• [WHAT TO DO] Return the data word for word. Pictures are to be omitted.

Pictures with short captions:

*****

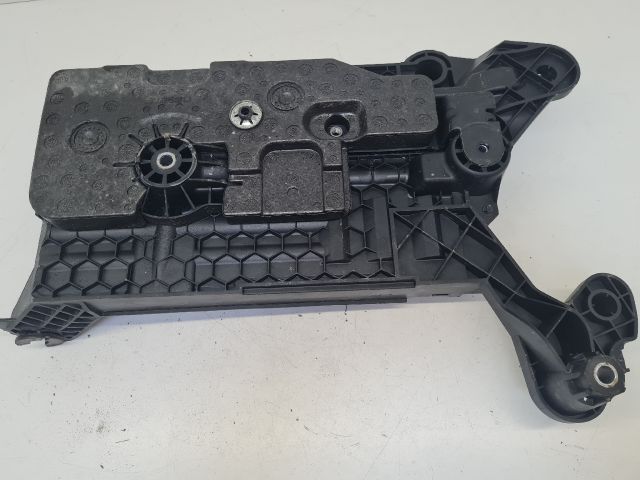 bontott VW GOLF VII Akkumulátor Tartó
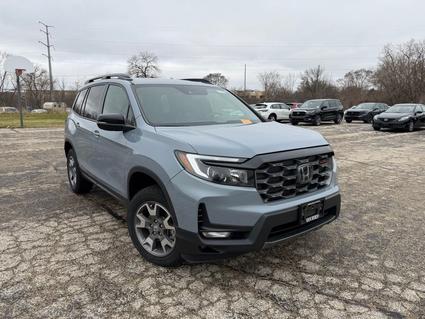 2023 Honda Passport Glendale WI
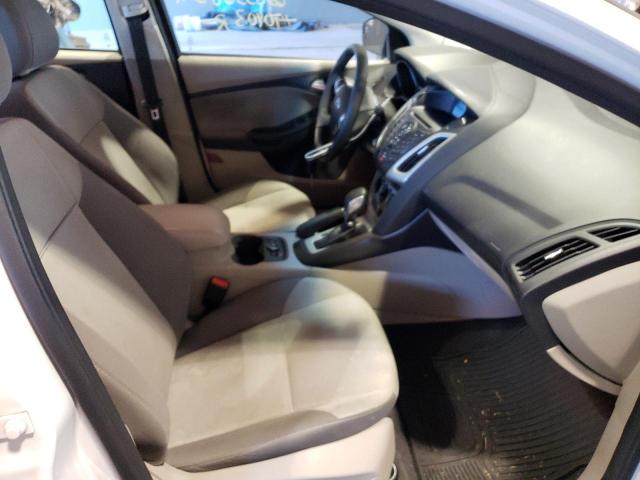Foto 5 de la subasta – 2014 FORD FOCUS SE con VIN 1FADP3F21EL448251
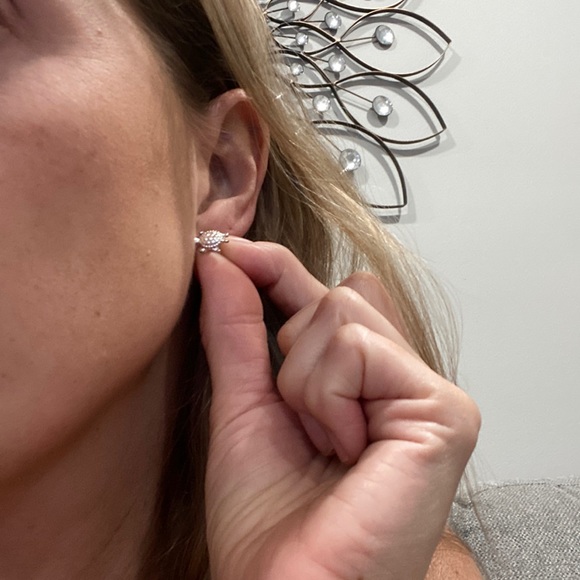 ✨SALE✨NWOT Bundle of Silver Plated Starfish, Turtle, Dolphin, AND Fish - Picture 6 of 11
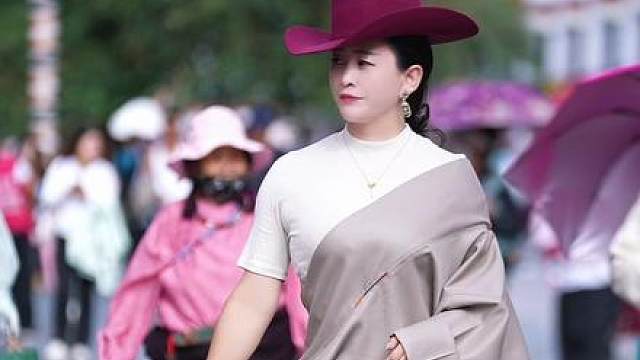 生活的幸福感，不在富足，而在满足，简单点，糊涂点，开心点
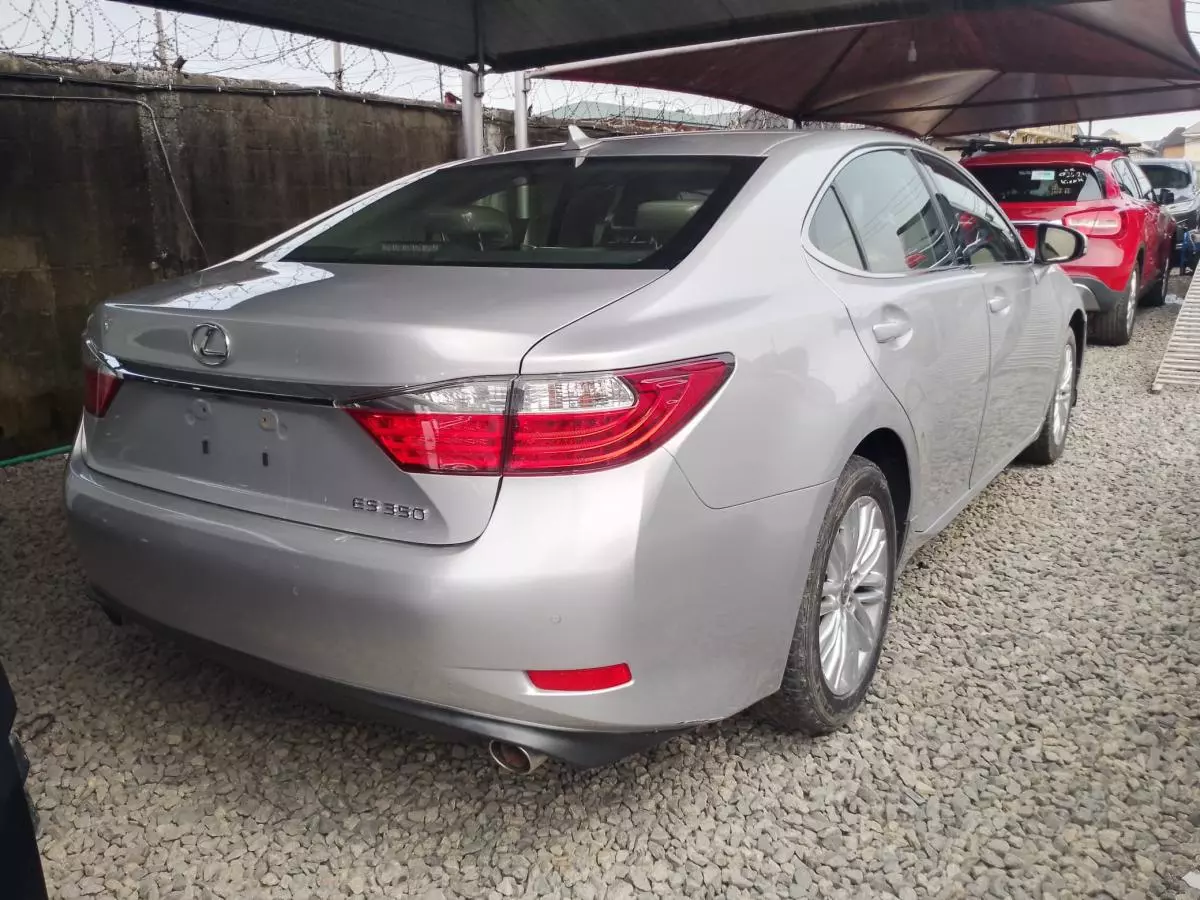 Lexus ES 350   - 2014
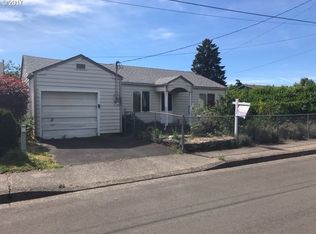 418 S 35th St, Springfield, OR 97478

*****

• [PROBLEM SOLUTION]
 bontott VW GOLF VII Akkumulátor Tartó
 2023 Honda Passport Glendale WI
Foto 5 de la subasta – 2014 FORD FOCUS SE con VIN 1FADP3F21EL448251
 ✨SALE✨NWOT Bundle of Silver Plated Starfish, Turtle, Dolphin, AND Fish - Picture 6 of 11
 生活的幸福感，不在富足，而在满足，简单点，糊涂点，开心点
 Lexus ES 350   - 2014
 418 S 35th St, Springfield, OR 97478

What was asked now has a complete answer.